▶ [EXERCISE]:
Starting with the line that holds "Custom T Shirts", reproduce each line through the last one of the data, exactly as written. Pictures are not copied.

▶ [DATASET EXCERPT]:
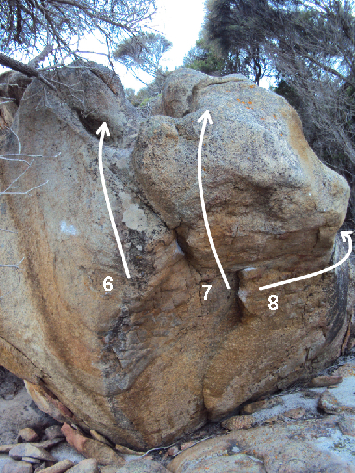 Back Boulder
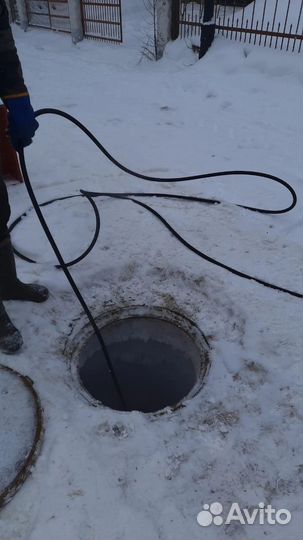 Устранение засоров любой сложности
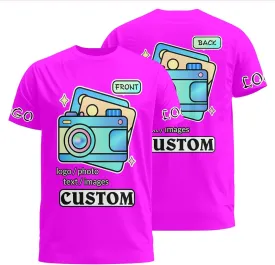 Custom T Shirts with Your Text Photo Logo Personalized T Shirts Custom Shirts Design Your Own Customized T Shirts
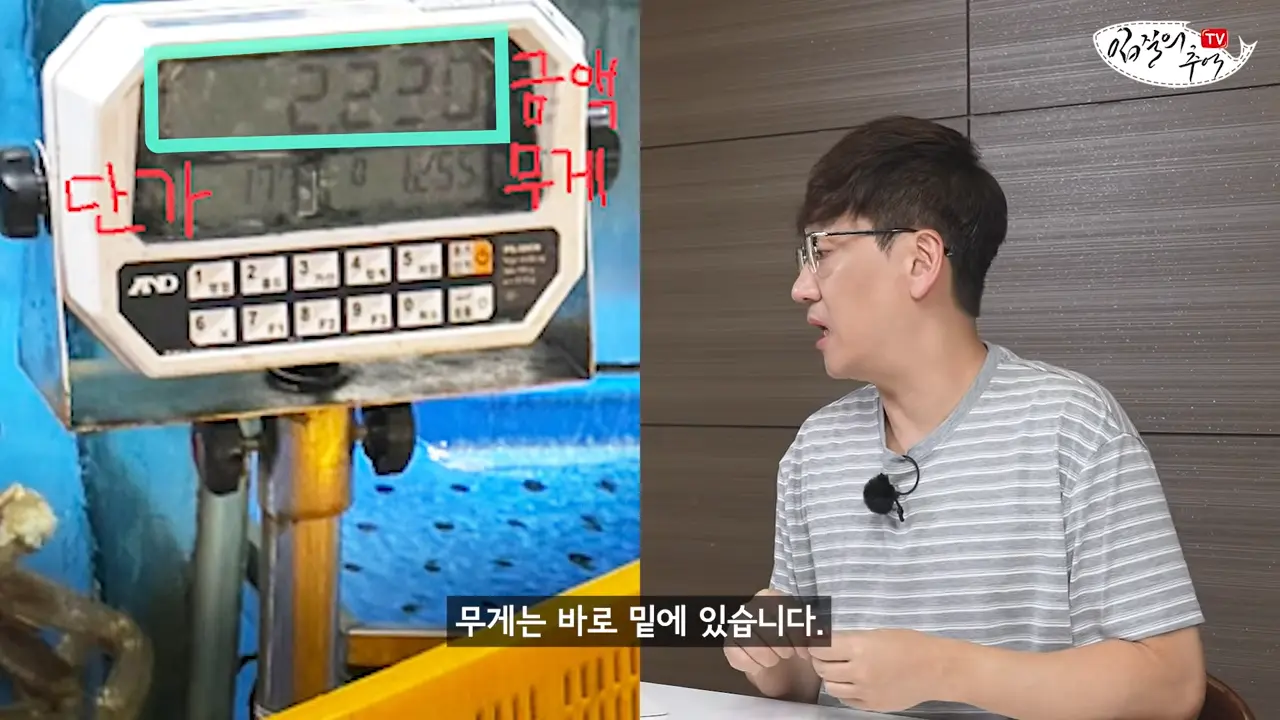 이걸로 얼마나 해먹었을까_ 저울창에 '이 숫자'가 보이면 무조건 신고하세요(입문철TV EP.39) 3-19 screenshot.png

▶ [RESULT FOR THIS TASK]:
 Custom T Shirts with Your Text Photo Logo Personalized T Shirts Custom Shirts Design Your Own Customized T Shirts
 이걸로 얼마나 해먹었을까_ 저울창에 '이 숫자'가 보이면 무조건 신고하세요(입문철TV EP.39) 3-19 screenshot.png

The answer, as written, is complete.